Drs. Rier in collaboration with Drs. Venn (EGGS), Hallen (Chemistry), Wimmer (Business Education and Information & Technology Management), Beyer (EGGS), Whisner (EGGS) and the Columbia County Conservation District will be establishing a real-time monitoring station on Fishing Creek at or near Kocher Park, north of Bloomsburg. Funding for the station is provided by a $50,000 President’s Strategic Planning Grant. This station will measure stream depth, pH, temperature, conductivity (dissolved material in water), dissolved oxygen, turbidity (suspended material in water), dissolved organic matter, phosphorus concentration, the amount of light striking the surface of the water and meteorological data. These data will be collected automatically every 15 minutes and then uploaded to a server via cell phone modem and made available on the web in real-time.
One of the main goals of this project will be to provide an education and research tool for environmental classes and student-centered research at Bloomsburg University. It will provide a unique resource for training students outside the traditional classroom by having them directly use the latest technology available for monitoring water quality.

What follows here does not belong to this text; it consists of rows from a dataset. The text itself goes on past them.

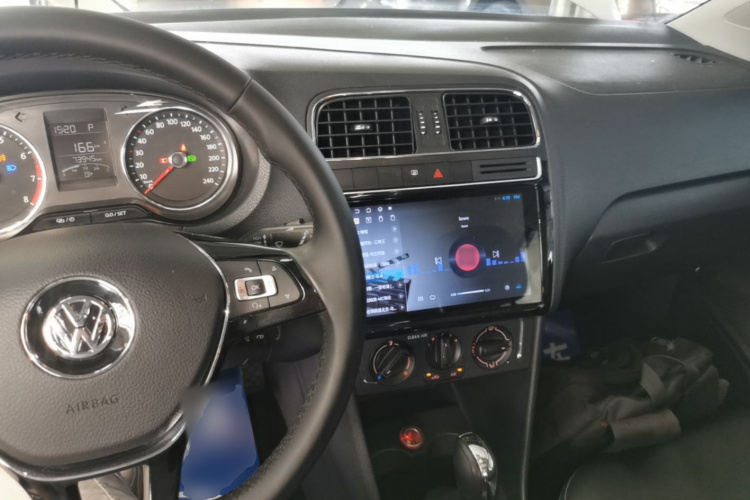 Volkswagen Polo 2018 #10 Volkswagen Polo 2018 car image #10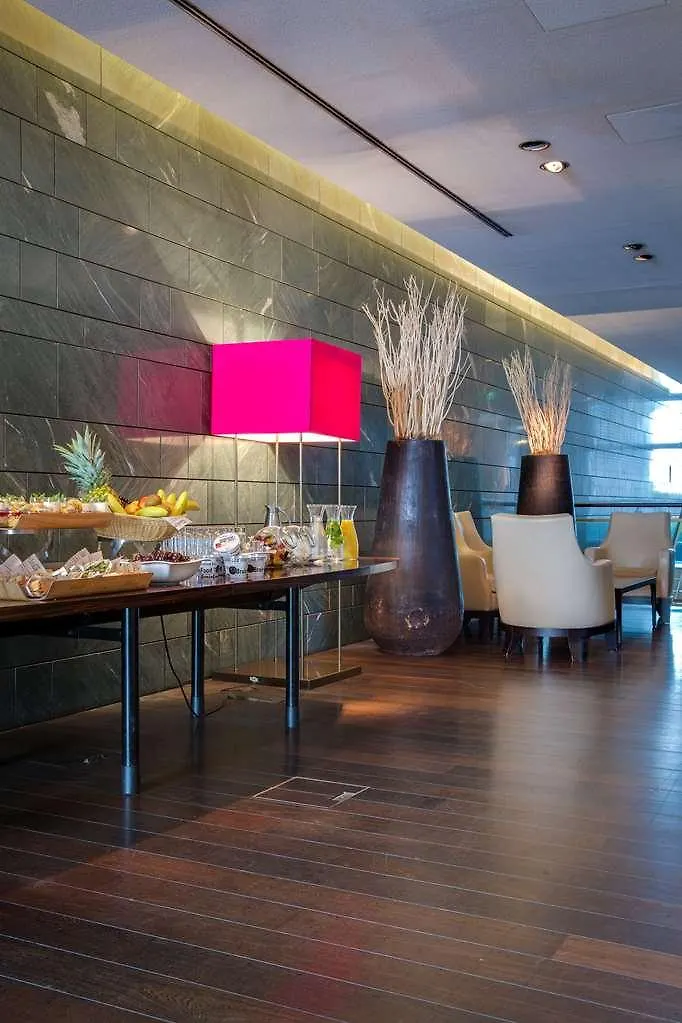 Radisson Blu Media Harbour Hotel, Duesseldorf 4*, Düsseldorf Németország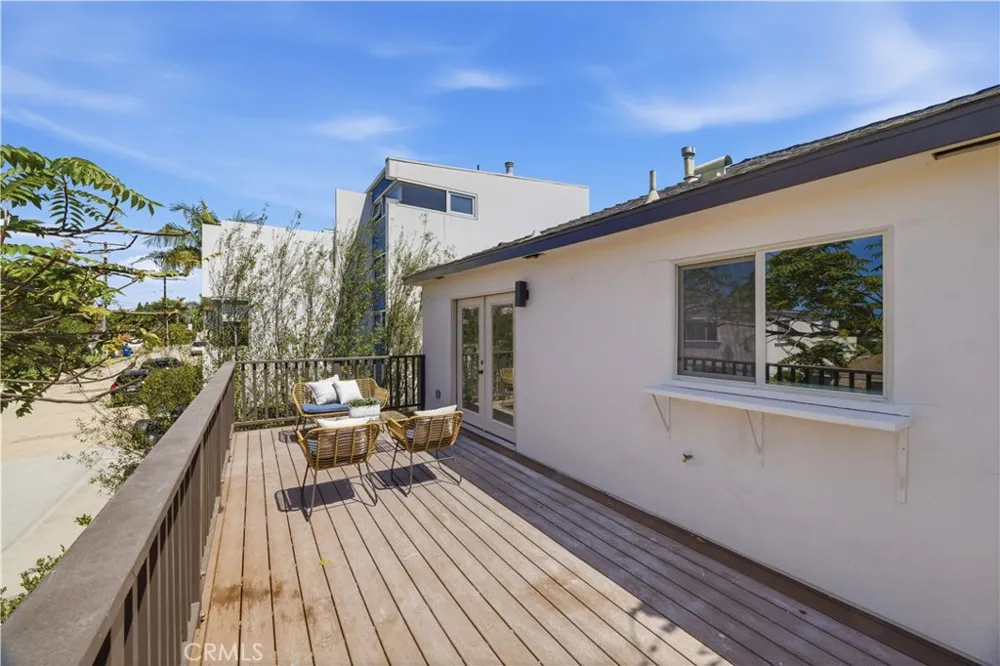 2011 Springfield Avenue Hermosa Beach, CA 90254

Environmental monitoring is quickly becoming a science that is centered on networks of autonomous sensors and the “big” datasets that are generated by these sensors (see National Ecological Observatory website for an example, http://www.neoninc.org). Therefore, experience working with “big data” from autonomous sensors will give our students an advantage in the job market and when applying to graduate schools.
Potential student projects include using oxygen data to understand patterns of photosynthesis, investigating the effects of storm runoff on the export of contaminants to the Susquehanna River and modeling the effects of climate change on the ability of streams in this region to sustain trout populations. One exciting aspect of this station is that it will be the first of their kind to combine all of the parameters necessary (oxygen, depth, temperature and light) to estimate, in real-time, the collective metabolic activity of all organisms in the immediate upstream reach and the factors that influence their metabolic rates (light, dissolved organic matter, phosphorus concentration and temperature). There is considerable interest throughout the world in using “ecosystem metabolism” as a means of evaluating the health of streams and rivers. With this station, our students will have the resources to perform some of the most comprehensive studies of stream ecosystem metabolism and how it relates to water quality that have ever been performed.
We also hope to increase the profile of the Bloomsburg University’s Environmental Science programs and provide a means by which Bloomsburg University can more effectively engage with the surrounding community, including high schools and watershed organizations, on water quality issues and the overall health of this region’s freshwater resources.